### Assignment
Transcribe exactly, please, the lines from the one containing "copper knife pendant" through the end of the records below, and leave out the pictures.

Supplied records below:

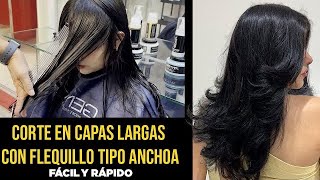 Corte en capas largas muy fácil y rápido con flequillo tipo anchoa  Betty Lazcano [upl. by Anwahsal661]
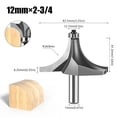 thumbnail image 2 of 1pc 12mm Shank Corner Round Over Router Bit With Bearing Tungsten Carbide Milling Cutter Woodworking Tools ,Great Multi-Purpose Application, 2 of 4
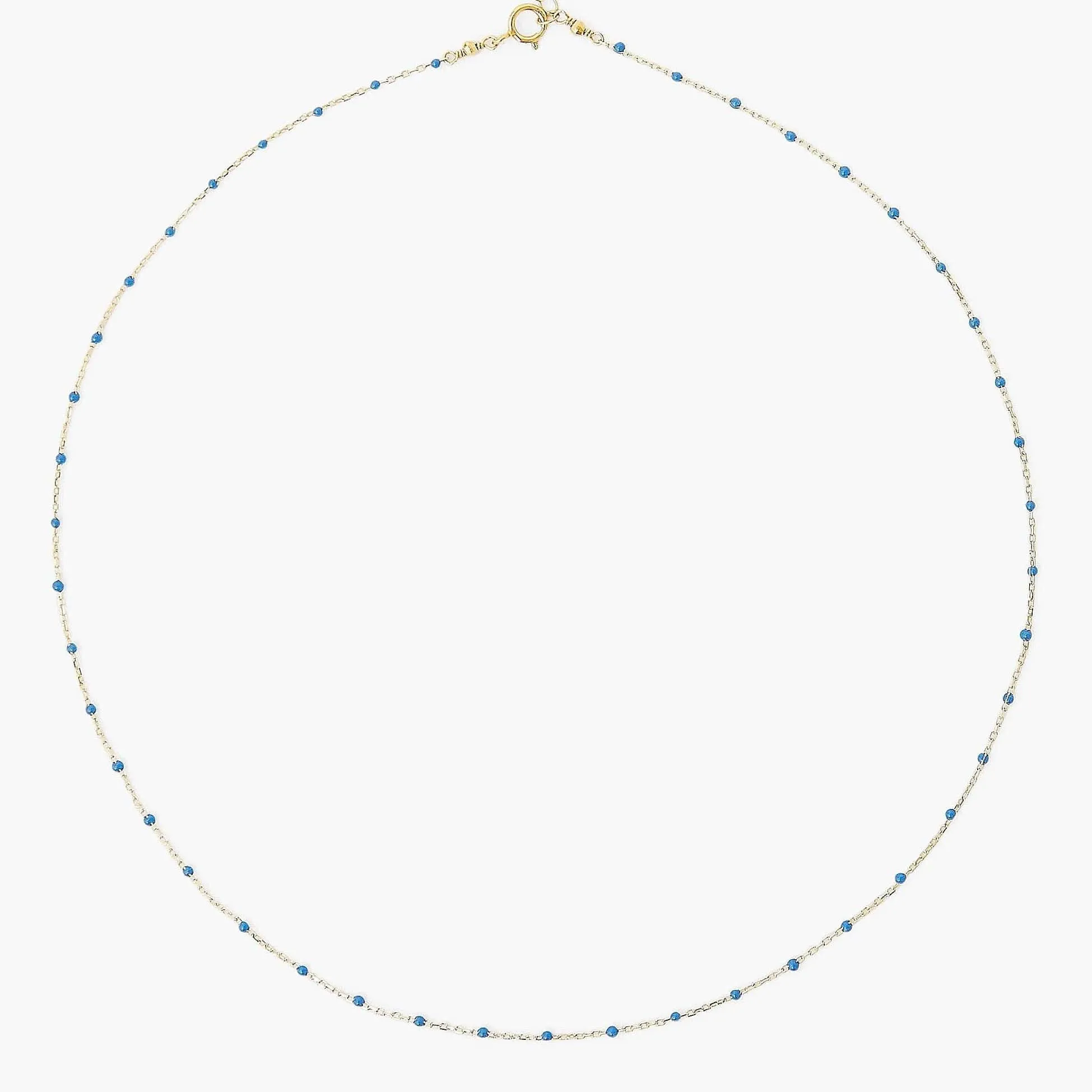 Stone Blue Enamel Bead Necklace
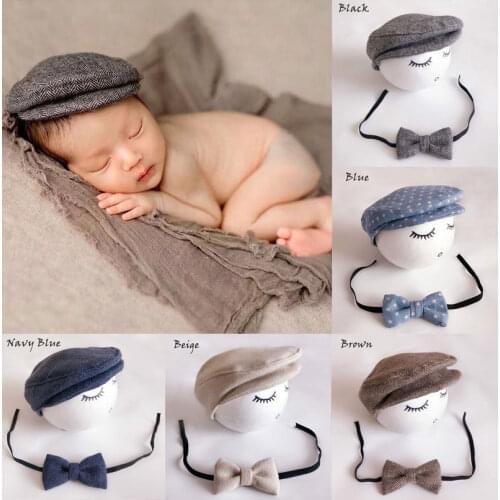 Newborn Peaked Beanie Infant Cap Baby Hat Girls Bow Tie Photo Photography Prop Boy Caps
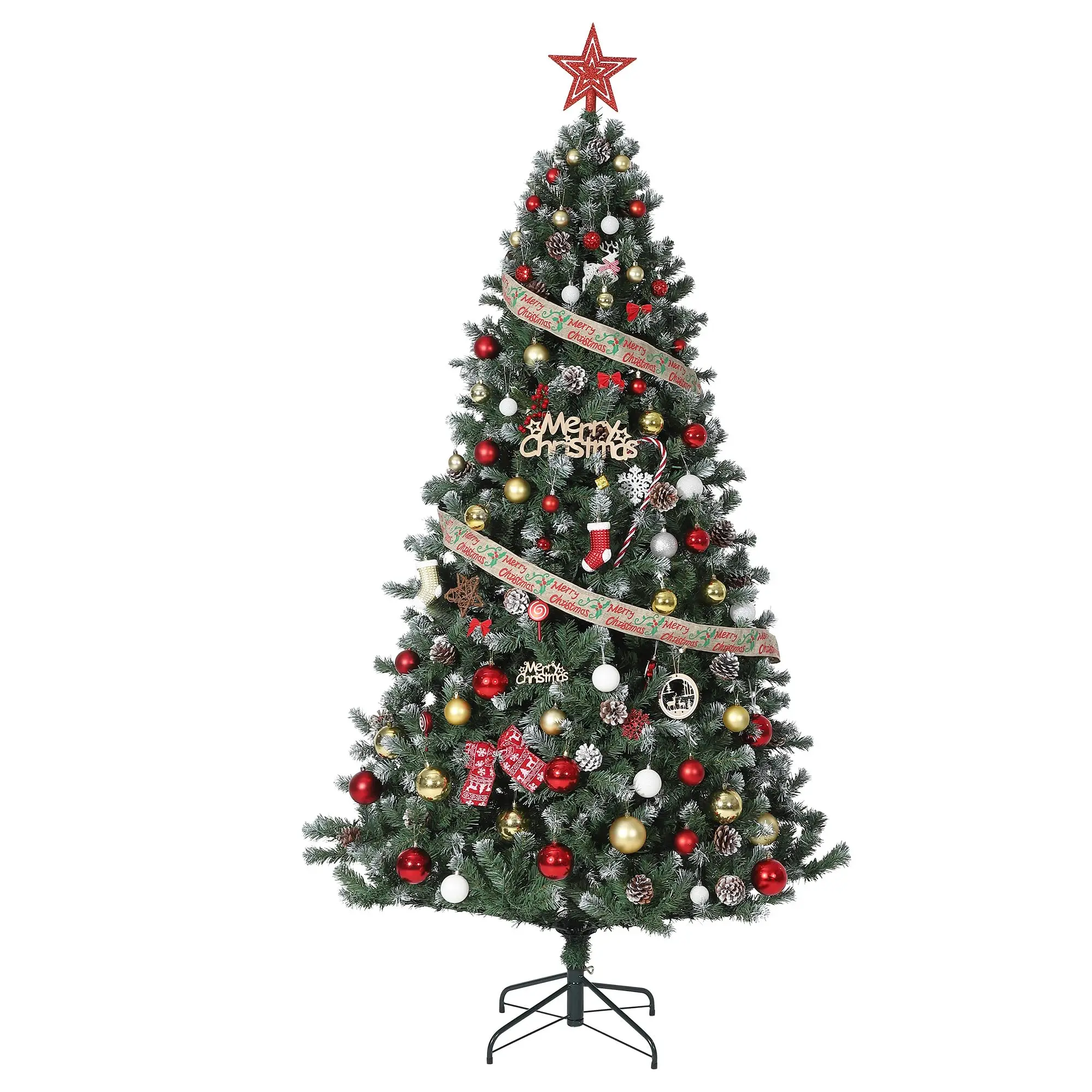 4.5-7.5ft Holiday Christmas Tree for Home, Office, Party Decoration, Partially Flocked Design, Flocked Christmas Tree with Pine Cones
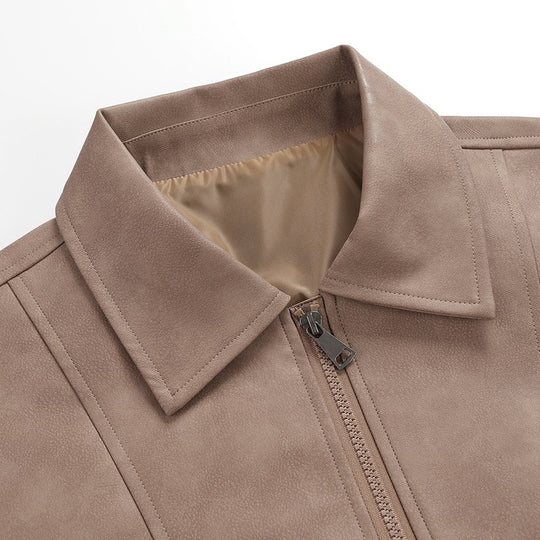 Herren Übergangsjacke im lässigen Vintage-Stil mit seitlichen Eingrifftaschen und elastischen Bündchen Heidi-Mode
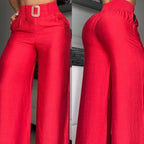 Damen Weite Palazzo-Hose mit hochtailliertem Bund und dekorativem Gürtel R&B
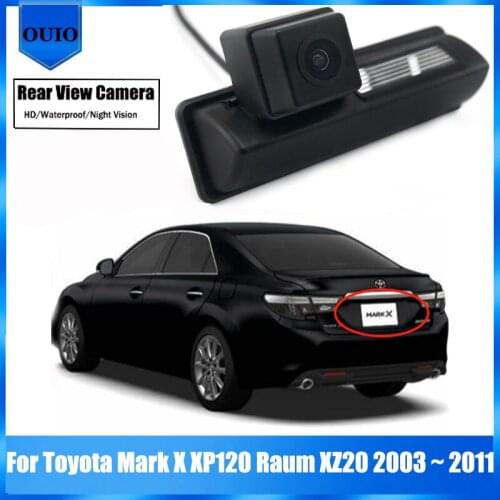 Rear View Reverse Camera Back Up Parking Camera For Toyota Mark X XP120 Raum XZ20 2003 ~ 2011 HD CCD license plate camera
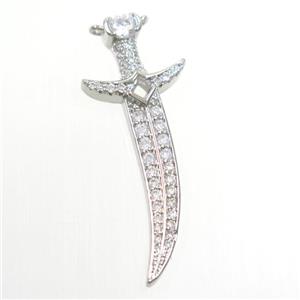 copper knife pendant paved zircon, platinum plated, approx 15-40mm [FDZN6610]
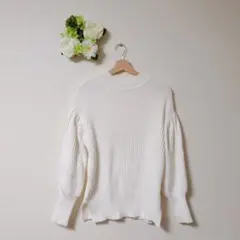 ★美品★ルルウィルビー ホワイトリブ編み長袖ニット【2/M】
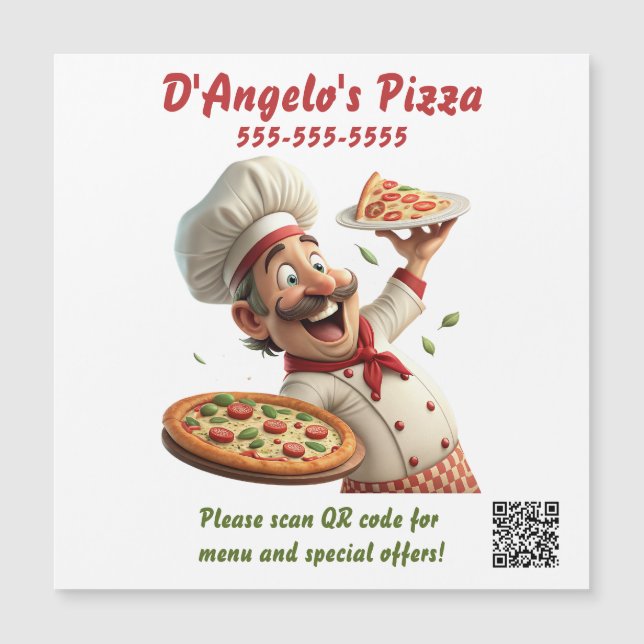 Editable Pizza Restaurant QR Code Magnet (Front)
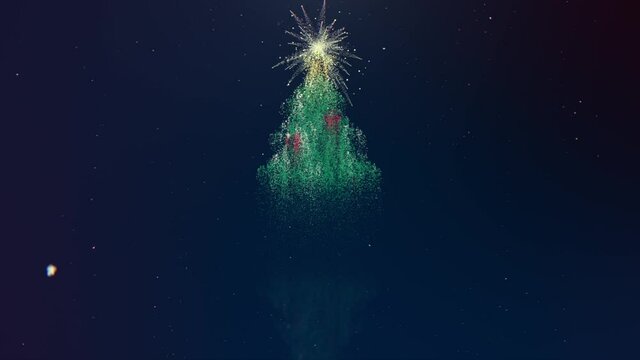 Christmas star and xmas tree with particles wishes background 4k footage, Christmas wishes background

End of Supplied records.

### Written solution
 copper knife pendant paved zircon, platinum plated, approx 15-40mm [FDZN6610]
 ★美品★ルルウィルビー ホワイトリブ編み長袖ニット【2/M】
 Editable Pizza Restaurant QR Code Magnet (Front)
 Christmas star and xmas tree with particles wishes background 4k footage, Christmas wishes background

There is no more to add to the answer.